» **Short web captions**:

------------------------------------------------------------------------

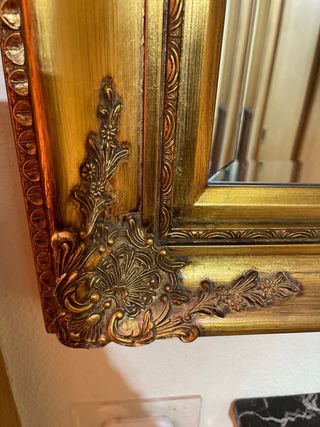 Espejo Antiguo Madera Dorada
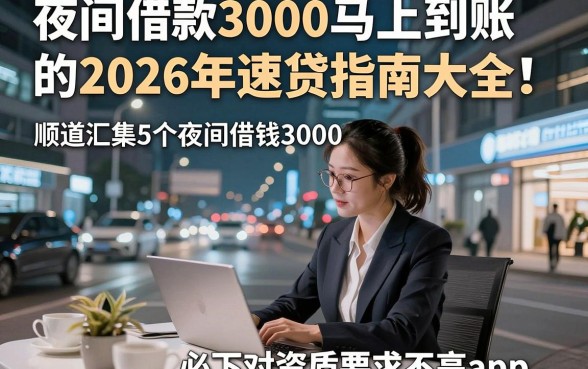 夜间借款3000马上到账的2026年速贷指南大全！顺道汇集5个夜间借钱3000必下对资质要求不高app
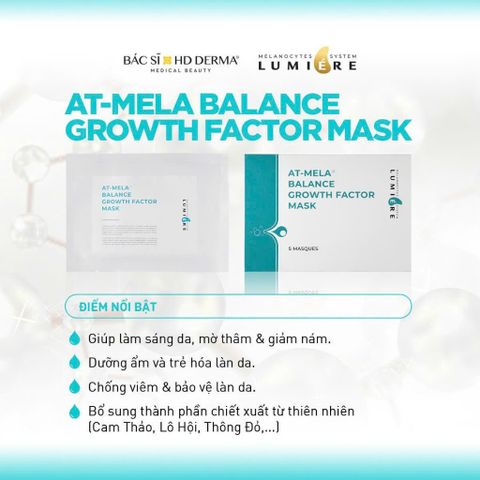 Mặt Nạ Trắng Da HD Derma Lumiere AT-Mela Balance Growth Factor 5M - Làm Sáng, Chống Viêm, Giảm Melanin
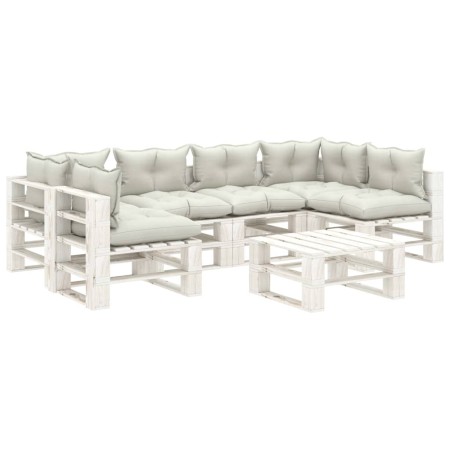 vidaXL 7-tlg. Paletten-Lounge-Set mit Kissen in Beige Holz
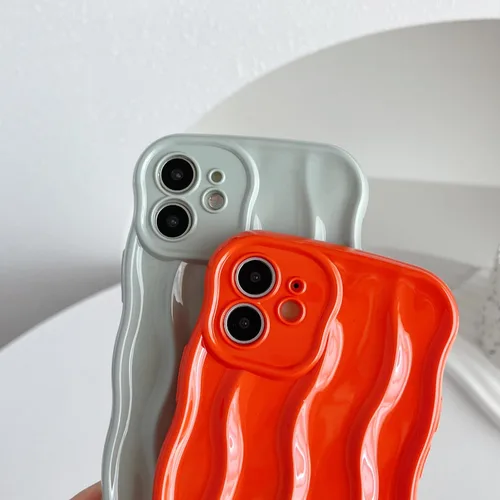 Vista 4 de Caseative Funda para iPhone 12, azul Patrón de ondulación de agua Marco de onda rizada suave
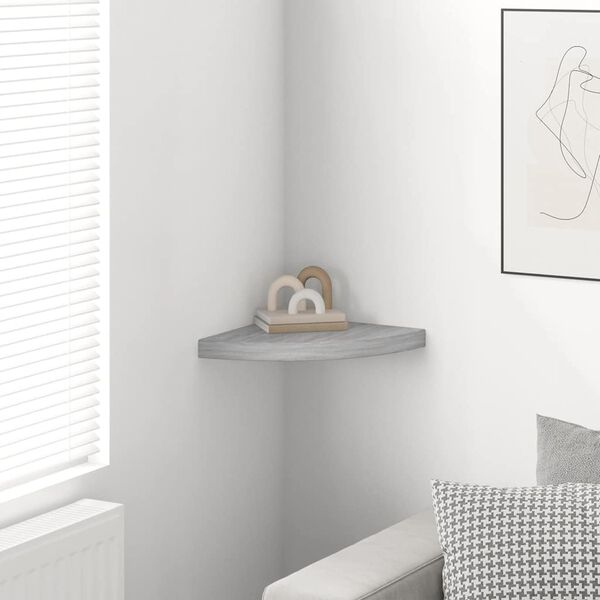 vidaXL Hj&oslash;rnehylle vegghengt betonggr&aring; 35x35x3,8 cm MDF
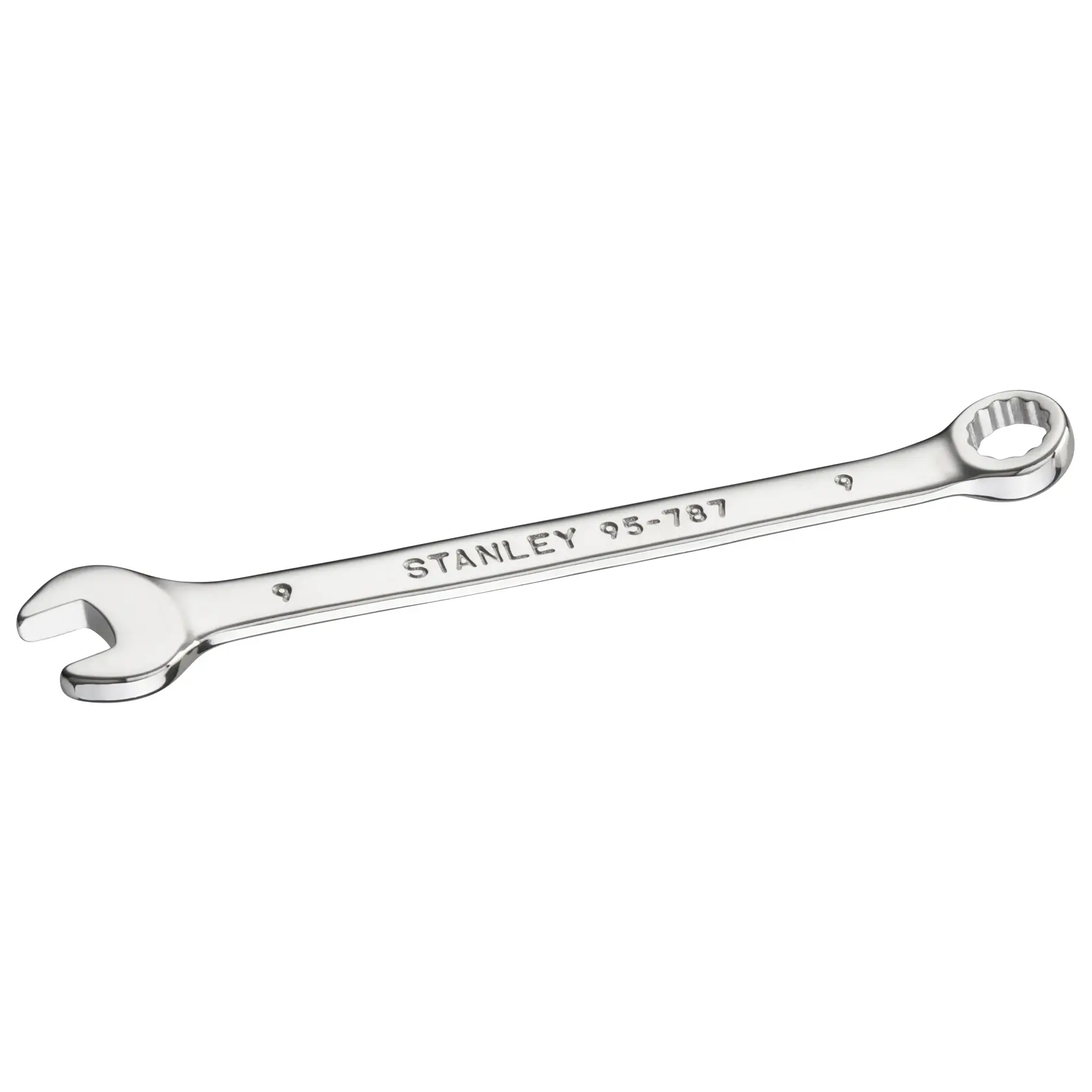 STANLEY STMT95787-0 Gabelringschlüssel, silberfarben, schräge Ansicht auf weißem Hintergrund.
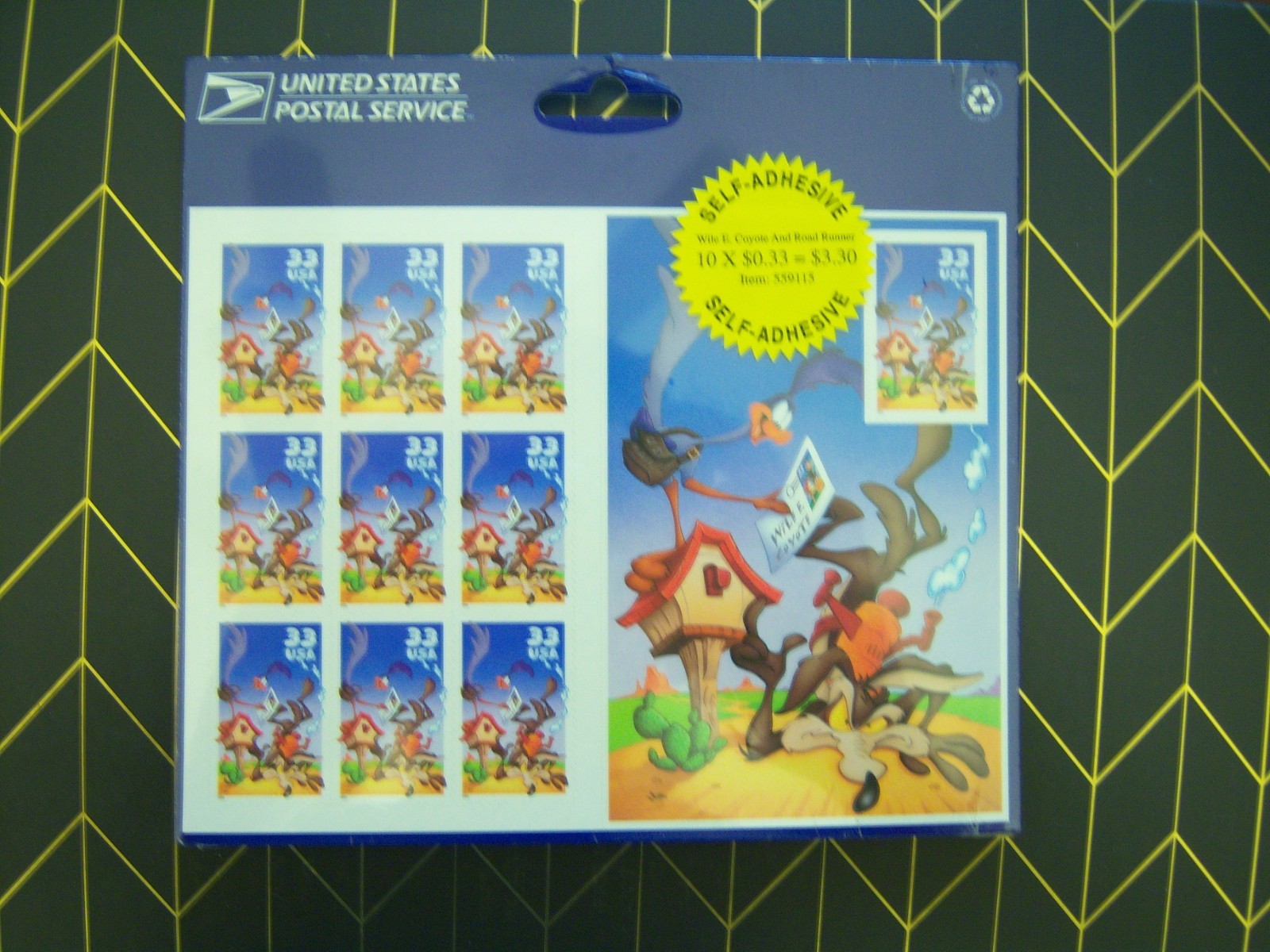 USPS Wile E. Coyote & Road Runner Looney Tunes Self-Adhesive 33c (10) $3.30
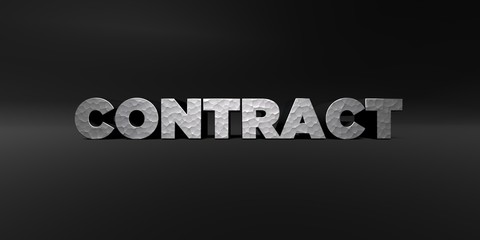 CONTRACT - hammered metal finish text on black studio - 3D rendered royalty free stock photo. This image can be used for an online website banner ad or a print postcard.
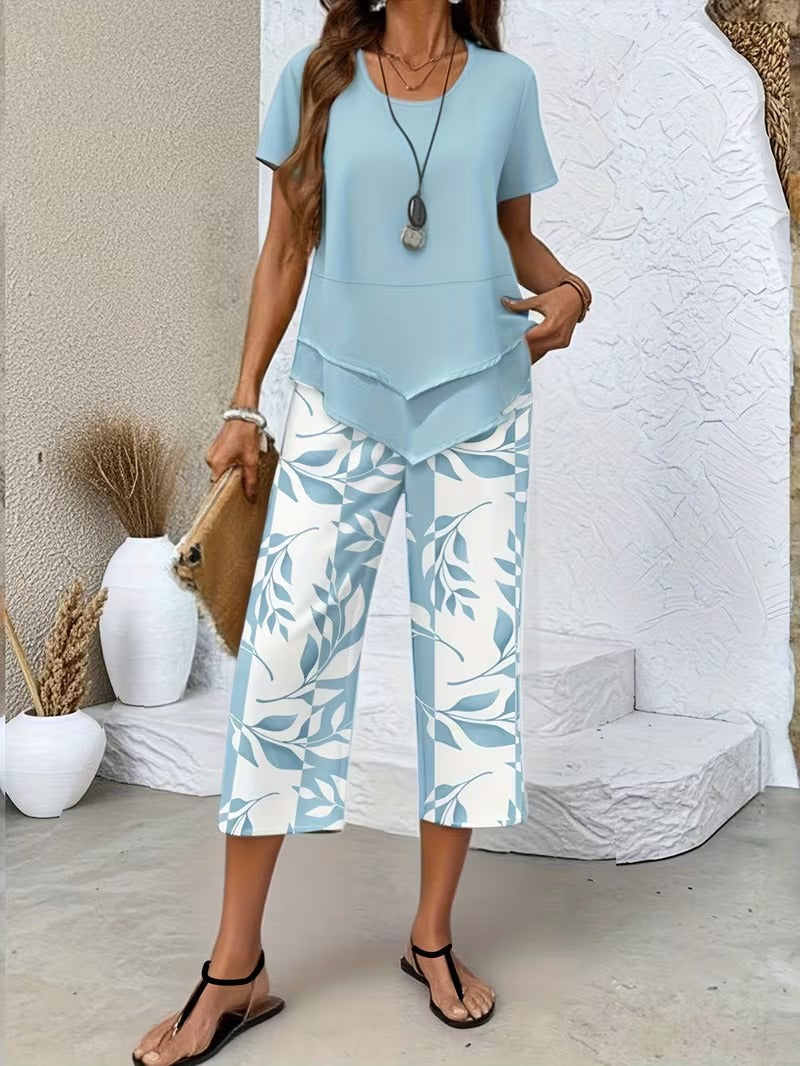 PRINTED LEAF SET FOR WOMEN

------------------------------------------------------------------------

» **Problem to work on**:
Leave out all pictures and output each line exactly, from the top of the records through the line that holds "vidaXL 7-tlg. Paletten-Lounge-Set".

» **Response area**:
 Espejo Antiguo Madera Dorada
 夜间借款3000马上到账的2026年速贷指南大全！顺道汇集5个夜间借钱3000必下对资质要求不高app
 Mặt Nạ Trắng Da HD Derma Lumiere AT-Mela Balance Growth Factor 5M - Làm Sáng, Chống Viêm, Giảm Melanin
 vidaXL 7-tlg. Paletten-Lounge-Set mit Kissen in Beige Holz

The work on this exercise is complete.